Laleen Jayamanne’s Toward Cinema and Its Double: Cross-Cultural Mimesis (Indiana University Press, 2001) was launched by Meaghan Morris on 5 April at Gleebooks in Sydney. Therese Davis caught up with Laleen the following day and spoke with her about the context of the writing of the book: Australian film culture, cinema studies in Australia, and the future of academic writing on film.

Therese Davis: In the introduction to your book, you state quite emphatically: “this is a book of film criticism, nothing but film criticism”. This seems to be something of a challenge to contemporary practices of academic writing about film. Could you comment?

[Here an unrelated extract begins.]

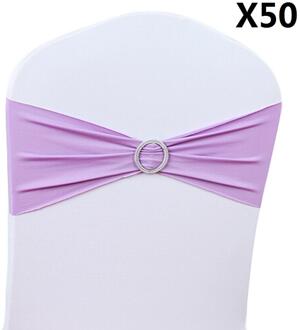 50Pcs Stoel Bands Spandex Elastische Bogen Van De Achterkant Van De Stoel # D0 lavendel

Laleen Jayamanne: Yes, there is an implicit polemic there, addressed really to the American academy, as my book is published in the United States. It’s something I’ve spoken of before in the book on The Good Woman of Bangkok. (1) In my section of that book I say that film studies has opened up a huge gap between film criticism and academic, theoretical writing on film. I think the gap is not a healthy situation. Not healthy especially for academic work, because it becomes much too hermetic and talks only to itself. This is a shame because film criticism existed before the institutionalisation of film studies. It’s a rich discourse. It’s got a history. It’s linked to various volatile public cultures. And I was painfully aware of this gap in the Anglo-American situation, whereas in France there is an academic culture and still a very powerful film culture. In Australia, for well over a decade, there has been some pretty exciting writing and I am a beneficiary of this. Adrian Martin is the exemplary figure here, developing the possibilities opened up by Meaghan Morris in the ’70s in her journalistic practice for the Herald and the Financial Review. Not every one can speak across media and different institutions as Martin and Morris can with intellectual rigour, accessibility and a sense of humour and relevance. I find the Australian academic film writing of people like Jodi Brooks, George Kouvaros, Adrian Martin, Meaghan Morris, Sam Rohdie, Bill Routt, Anne Rutherford and Lesley Stern, among others, enormously exciting. They don’t come out of an academic machine. Their writing is singular and as such can speak to film with greater flexibility.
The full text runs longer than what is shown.